Em mais um acometimento saudosista, (sintoma de velhice?) permito-me falar do Rio Antigo. Devo preocupar-me? Curioso, pois não me ocupo de atualidades; careço de memória recente. Alzheimer? Sei lá. Mas as memórias antigas são bem mais prazerosas... Talvez por causa do intenso vivido, das relações sem malícia ou afetação. Portanto, fixo-me em meu Rio de Janeiro; não o de agora, mas o de então, aquele que conheci, o que convivi, o que compartilhei.
Eu ainda menino, anos cinquentas... Calças
curtas e cabelo à escovinha a acompanhar papai e mamãe em suas visitações. Mais
tarde, adolescente, no bonde que muito me conduziu ao colégio. Eu dependurado
no estribo, a imitar algum tipo de herói e saltar do vagão em movimento na
curva frontal à Ladeira do Vintém, no Meyer. Quanta emoção! Sim, naquela época não
havia surf, parapente, asa delta, bungee jump ou similares.

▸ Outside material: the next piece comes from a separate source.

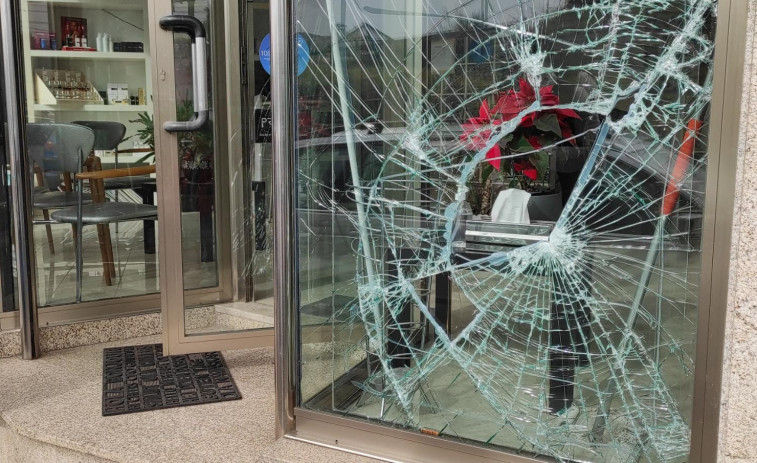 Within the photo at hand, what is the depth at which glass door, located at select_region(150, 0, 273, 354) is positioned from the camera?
2.87 metres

Recordo-me do intenso tráfego de
bondes no Tabuleiro da Baiana, Largo da Carioca, entre a Rua Senador Dantas e a
Avenida Treze de Maio. Ali era o ponto final; ali eu embarcava para visitar a
mãe de uma saudosa tia na Rua Farani, em Botafogo. O bonde, não obstante dito
ultrapassado e por muitos demonizado, traz-me tão boas lembranças que, ainda
hoje, arrisco-me por Santa Tereza. Lá fico a olhar para suas ruas, pedras,
calçamentos, os trilhos...
Dentre tantas lembranças, no entanto, uma
mais se destaca: O Bonde Alegria. Uma dúvida: a Rua da Alegria seria alegre ou
como todos nós também conheceria a mágoa? Alegria, por vezes, rima com
melancolia. Bem, eu embarcava geralmente no Largo da Cancela; ele vinha lotado.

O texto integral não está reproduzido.